With release v7.0, VoltDB strengthens its commitment to each of these requirements. The v7.0 release includes multi-datacenter database replication (XDCR), improved support for real-time analytics via materialized views based on table joins, enabling continuous queries over streams of data, improvements in high availability (HA), telco and IoT monitoring and health alert support in the form of SNMP traps, and numerous other performance improvements. For more details on v7.0, read on. If you’d like to get your hands on it right now, you can download it here.
Multi-region VoltDB Cross Datacenter Replication (XDCR)
In the v6.0 release, VoltDB introduced active-active, Cross-Datacenter Replication (XDCR), delivering the ability to have two active VoltDB databases replicate to each other, with conflict notification and resolution. Throughout the past year, we’ve continued to enhance this offering, adding the ability to replicate between clusters with different node counts or hardware types. We also allow you to replicate between different versions of VoltDB, providing the foundation to perform in-service upgrades to VoltDB with no maintenance window.
With the v7.0 release, VoltDB Database Replication now allows you to operate active copies of the database in three (3) or more locations, making it possible to support low-latency database interactions that otherwise would result in unacceptable latency when the database and the users are geographically separated. XDCR conflict detection and resolution introduced in v6.0 is supported for this new configuration. For more details on conflict resolution in VoltDB, please see the Using VoltDB chapter on Understanding Conflict Resolution.
Continuous Queries over Streams (Materialized Views over Table Joins)
Materialized Views form the foundation of real-time analytics in VoltDB. Use Materialized Views to define continuous queries on fast-changing data. Continuous queries will avoid costly from-scratch computation and use the cached (pre-computed) result for fast and scalable, response. VoltDB supports materialized views on individual tables or streams, and, new with the release of VoltDB v7.0, joins of multiple tables. The maintenance of materialized views is transparent, not requiring any configuration and tuning from the user. See the sample below.
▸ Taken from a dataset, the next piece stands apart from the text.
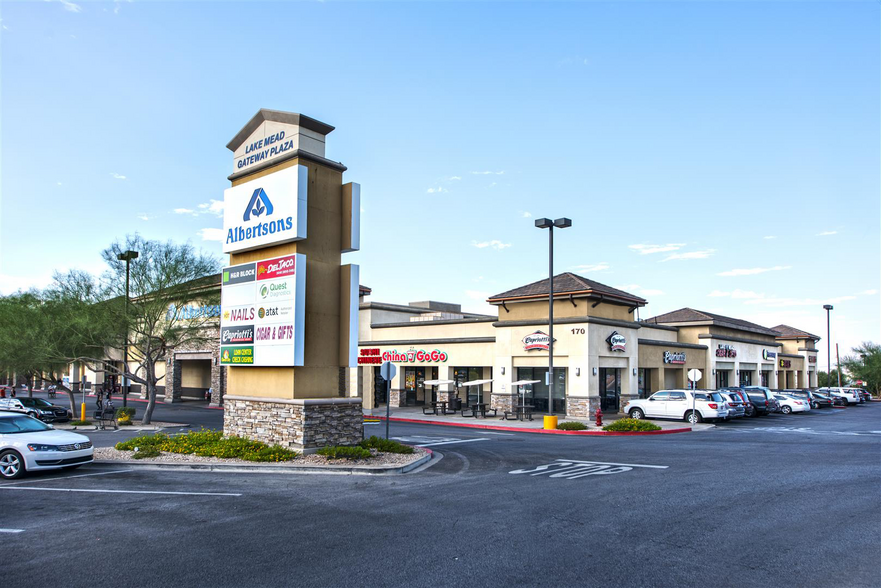 110 N Boulder Hwy, Henderson, NV for lease - Building Photo - Image 2 of 7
CREATE VIEW V (REGION_ID, RECORD_COUNT) AS
COUNT(*) FROM REGIONS JOIN TAXI_LOCATIONS ON
GROUP BY REGIONS.REGION_ID;
For an in-depth look at this powerful new capability, please take a look at Ethan Zhang’s blog on continuous queries with joins.
SQL Window Functions
Window functions allow you to perform more selective calculations on statement results than you can do with plain aggregation functions such as COUNT() or SUM(). Window functions execute the specified operation on a subset, a window if you will, of the total selection results, controlled by the PARTITION BY and ORDER BY clauses. This capability is also helpful when computing real-time analytics over streams of data, perhaps moving time windows of data.
VoltDB v7.0 supports RANK, DENSE RANK, MIN, MAX, COUNT, and SUM as window functions. By way of a simple example, the voter sample has been simplified to make use of RANK when computing which contestant is ranked 1st (winning) in votes in each U.S. state:
SELECT state, contestant_number, num_votes
FROM ( SELECT state, contestant_number, num_votes,
RANK() OVER ( PARTITION by state
ORDER BY num_votes DESC ) AS vrank
FROM v_votes_by_contestant_number_state ) AS sub
WHERE sub.vrank = 1;
Increased High Availability
VoltDB is a distributed database designed to provide the highest levels of consistency and correctness in the face of many kinds of machine and network failures. Last summer we worked with Kyle Kingsbury to externally validate VoltDB’s resiliency under the brutal “Jepsen Test” he created (https://voltdb.com/jepsen).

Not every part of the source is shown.